Will I wake tomorrow,
from this nightmare?
It’s a shame and a blessing this song is so utterly depressing, as it means we’ll never do it in Rev.
RENT is anything but depressing. Unfortunately I’ve been too late with my career moves  to see the stage version, but with widescreen and surround sound and an amazing adaptation, the film takes away the need to spend a fortune to watch this live. Instead, after having seen it 3+ times in one week, I can honestly say it doesn’t lose any of its impact.
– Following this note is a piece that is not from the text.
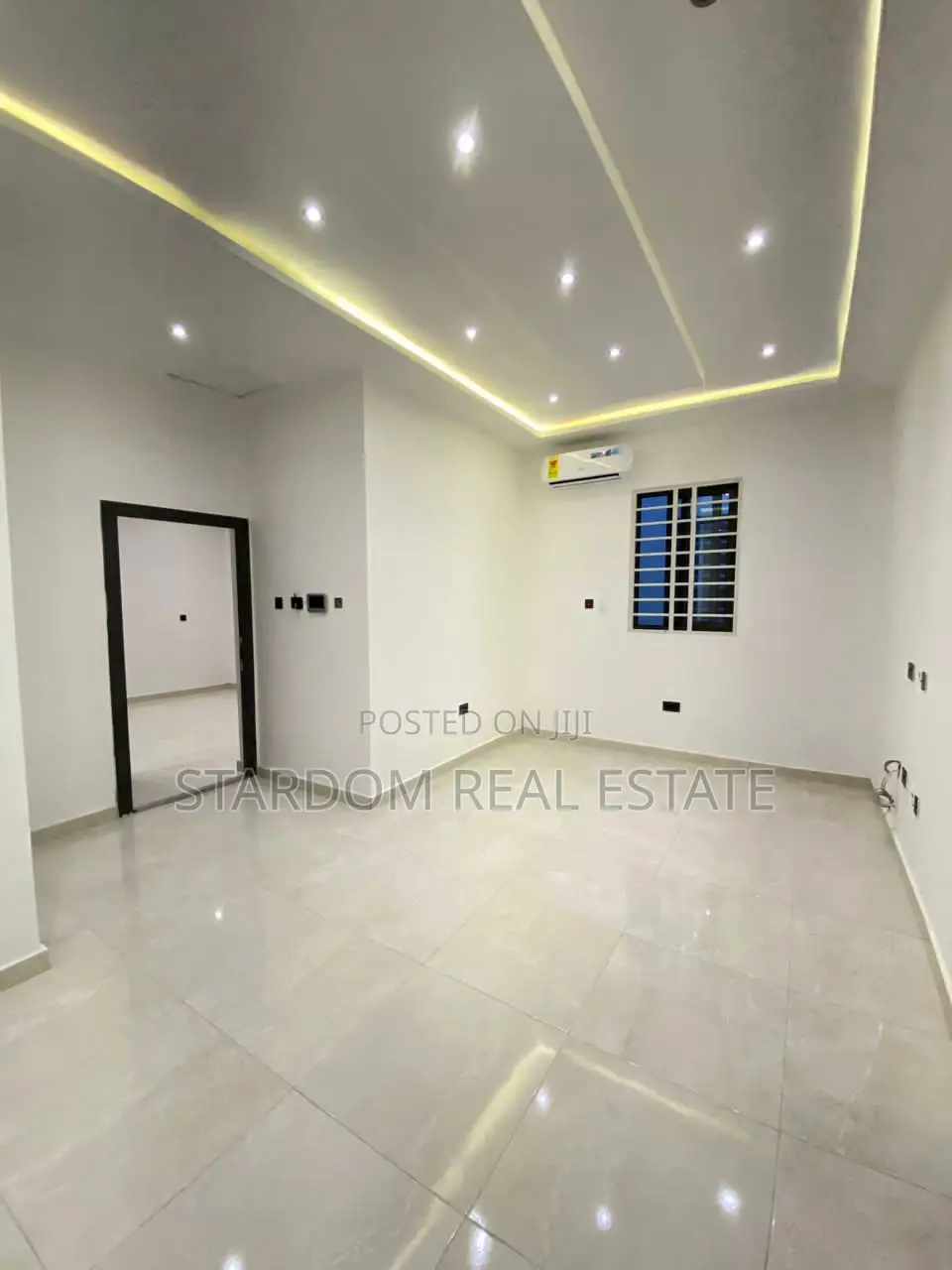 4bdrm Duplex in East Legon for sale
Apparently, I’ve been informed, the film gains its strength from the director’s approach. Chris Columbus – famous for directing and producing such great films as Harry Potter and the Sorcerer’s Stone, Stepmom, and Home Alone – managed to attract some of the original Broadway cast, and as such kept some of the stage elements of the screenplay, hardly focussing on a single person, but showing the interactions between the characters. It seems to draw out the similarities between the characters, rather than their differences, which is a good thing when we’re talking about seasons of love.
I’m not too sure why I love it so much. Usually I try to find a reason to give less than 5 stars in a review, but I’m actively trying to have everyone I know to see this film. It’s got characters for everyone to enjoy – although most of them are artists (bohemians) to some extent, there is the geek, the introvert, the extrovert, the madwoman, the businesswoman – and it’s got diverse musical influences with 80s house, gospel and soul, 90s rock, though mostly in a musical flavour.
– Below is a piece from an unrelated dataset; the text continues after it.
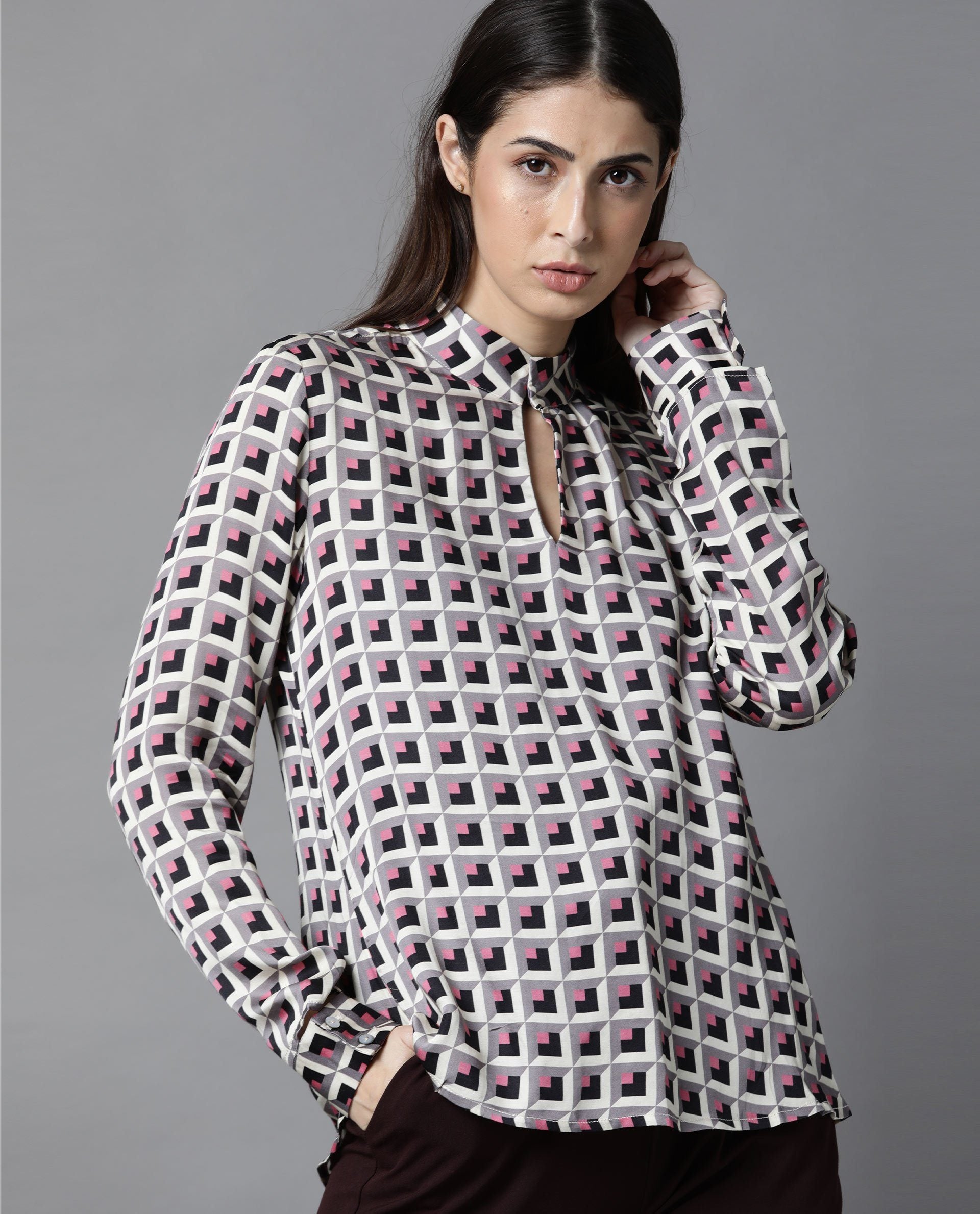 Rareism Women Appar Off White Tailored Fit Mandarin Collar Full Sleeves Geometric Print Top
Earlier today, I told someone it’s about New York, love, bills, and AIDS. Rich (my other housemate) thought he’d elaborate and said he appreciated the juxtaposition  of the wealthy, moneymaking individuals, and the poor but loving and funmaking group of tenants. I appreciate that it isn’t a musical just about a romantic story, but that it shows so much about the society of the setting.
I was a bit worried after seeing the placid film adaption of Phantom of the Opera, which seemed to have combined the worst parts of stage and cinema. However, RENT is simply wonderful, so let me know when you want to see it! 
1 Most tragically, being born too late to actually be aware of this musical in theatres in a place I could easily get too at a later stage in my life.
2 He didn’t actually say juxtaposition I think, but Alice of Vicar of Dibley used it earlier today and it got stuck in my head.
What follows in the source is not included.